%%
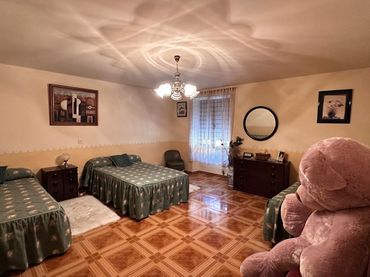 Casa rústica en venda a Calle Santa Cristina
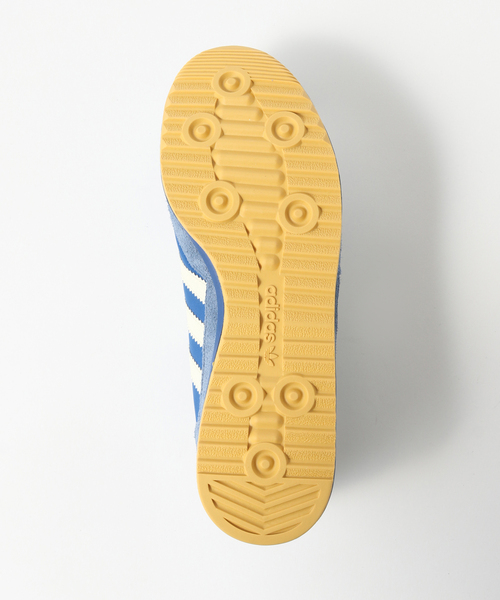 adidas(アディダス)の「adidas originals (アディダス オリジナルス) SL 72 RS IG2132(スニーカー・メンズ・ブルー・28cm/27cm/26cm/26.5cm/27.5cm)」の7枚目の写真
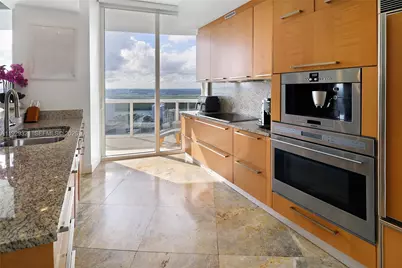 16001 Collins Ave #3005, Sunny Isles Beach, FL 33160 - Photo 4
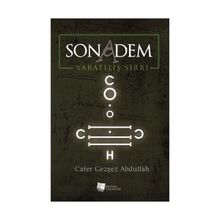 Son Adem Yaratılış Sırrı - Cafer Gezgez Abdullah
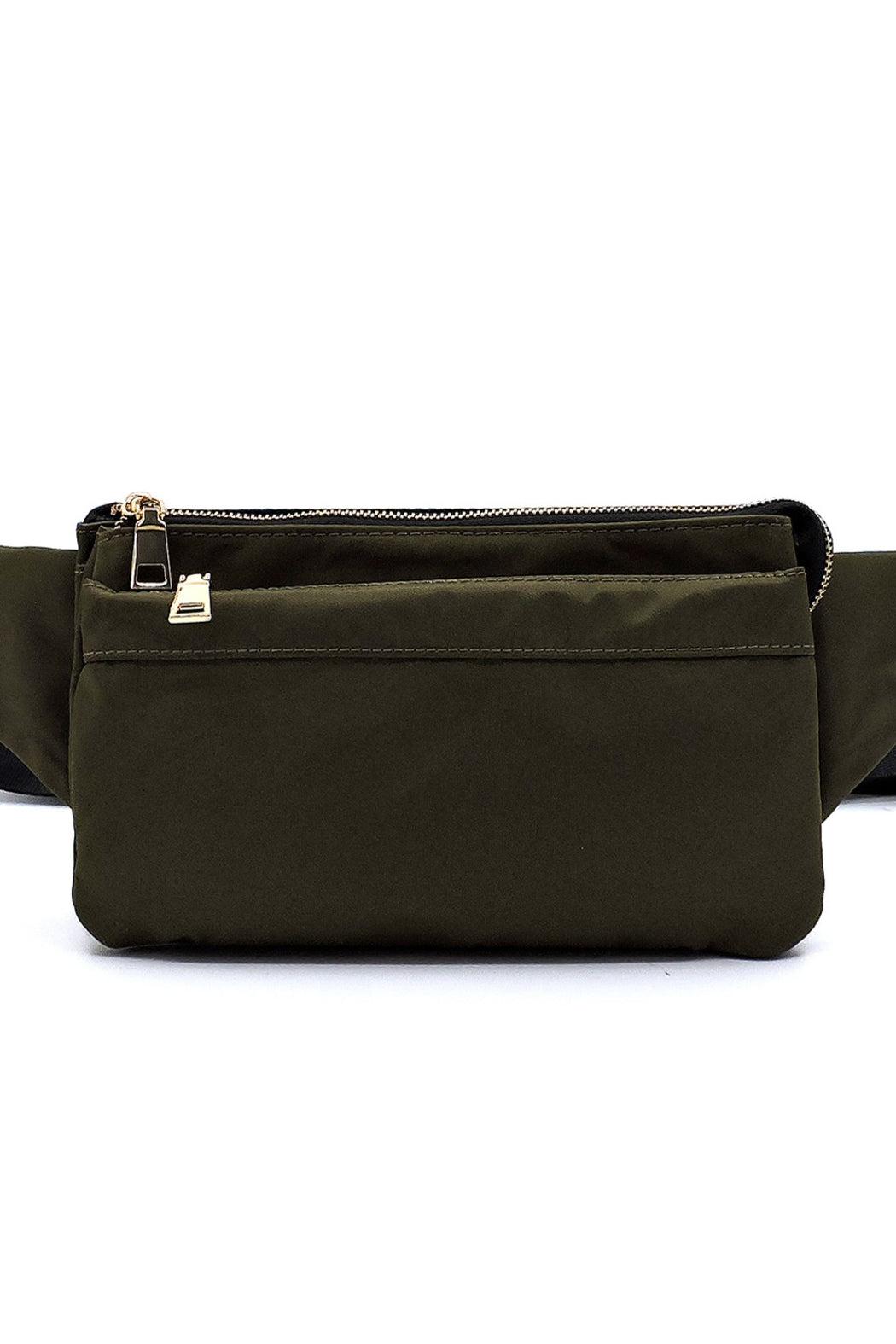 Simple Needed Chest Bag Product Image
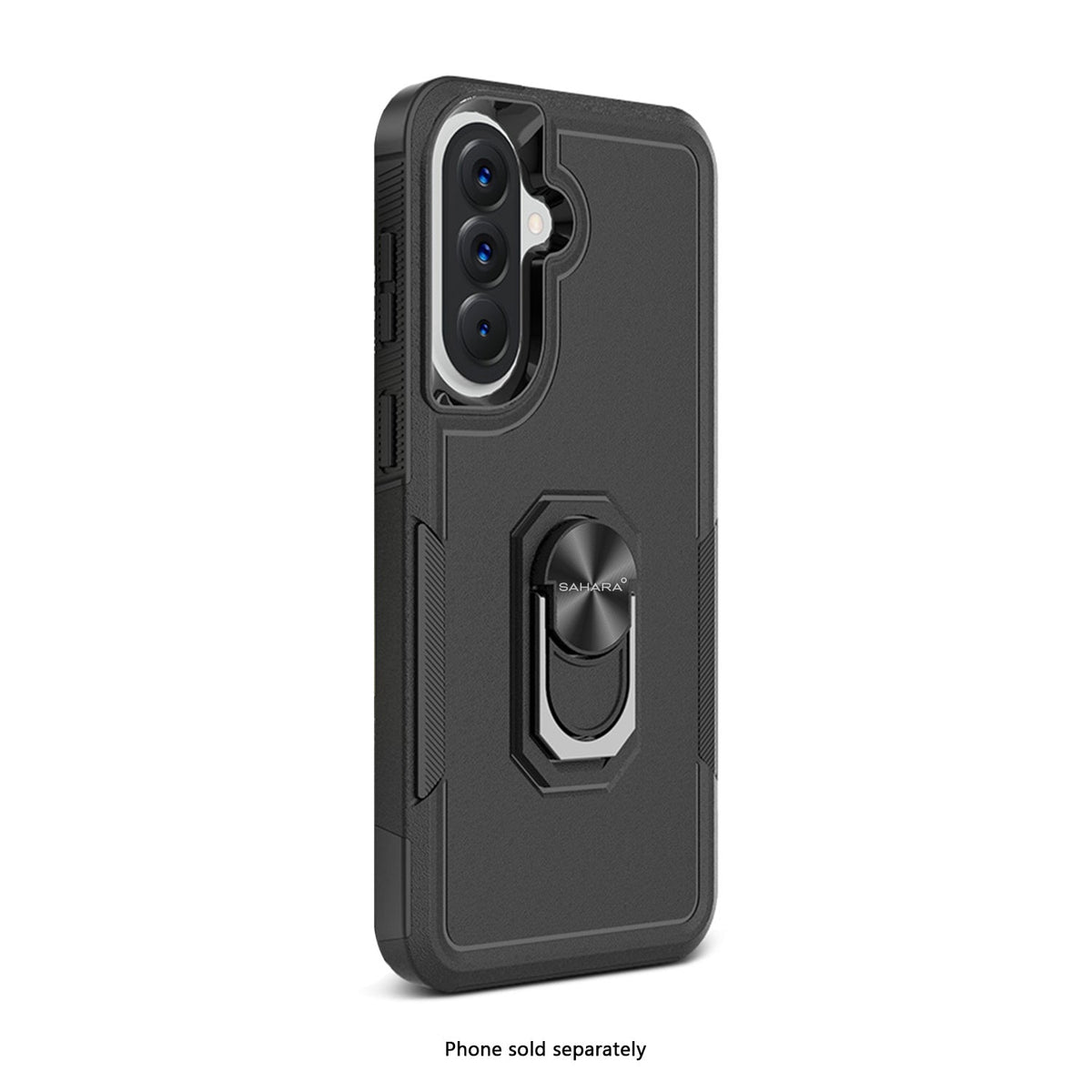 Funda Samsung Galaxy A57 5G - Soporte Resistente | Serie Raider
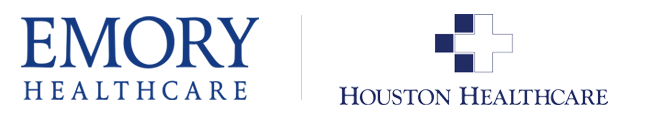 Emory Healthcare and Houston Healthcare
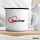 Emaille Tasse Beste Broer Hart 300ml Vintage Emaille Becher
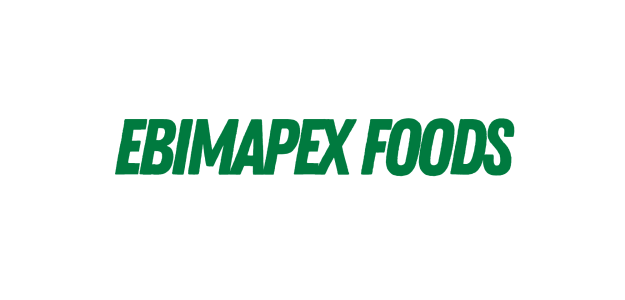 Ebimapex foods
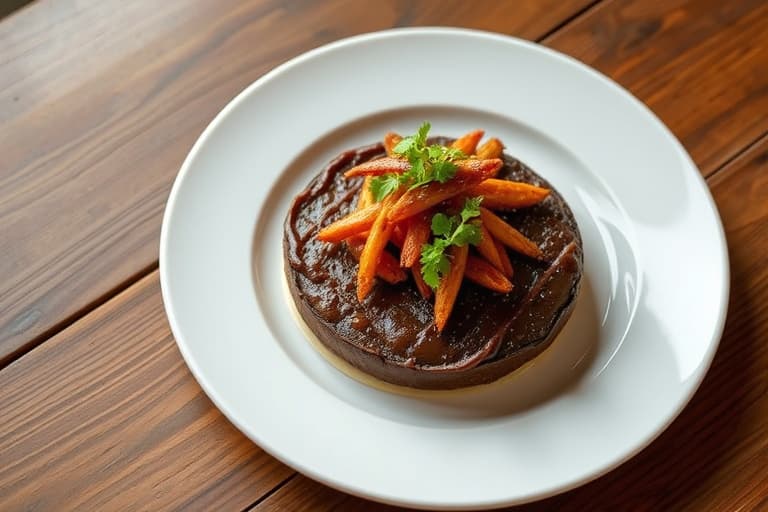 Franks Twisted Diner Bread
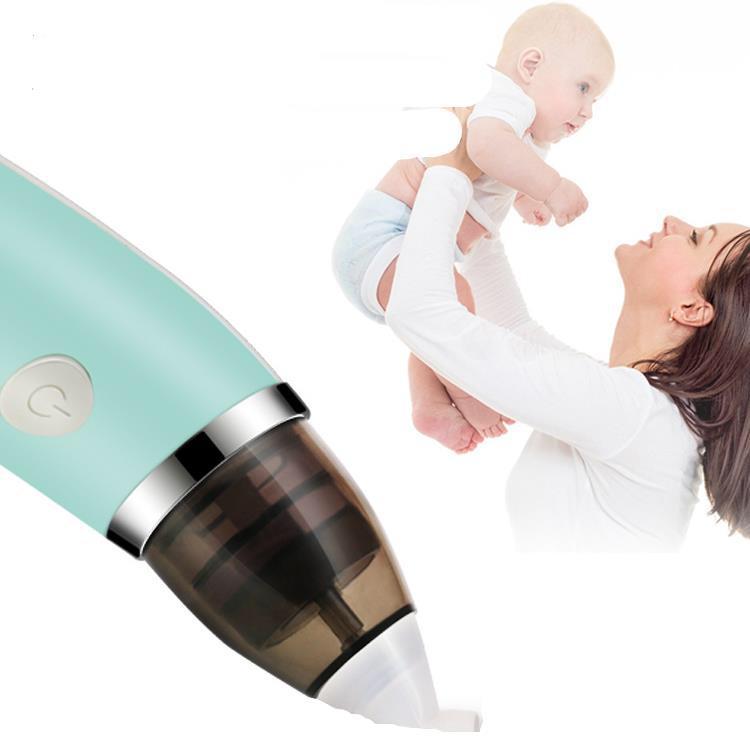 Nose Cleaner Baby Sniffing Equipment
%%
What you should do.
The expected output is the run of lines from the one containing "Funda Samsung Galaxy" to the last line of the listing above, both included, word for word and free of pictures.

Finished exercise.
 Funda Samsung Galaxy A57 5G - Soporte Resistente | Serie Raider
 Emory Healthcare and Houston Healthcare
 Emaille Tasse Beste Broer Hart 300ml Vintage Emaille Becher
 Ebimapex foods
 Franks Twisted Diner Bread
 Nose Cleaner Baby Sniffing Equipment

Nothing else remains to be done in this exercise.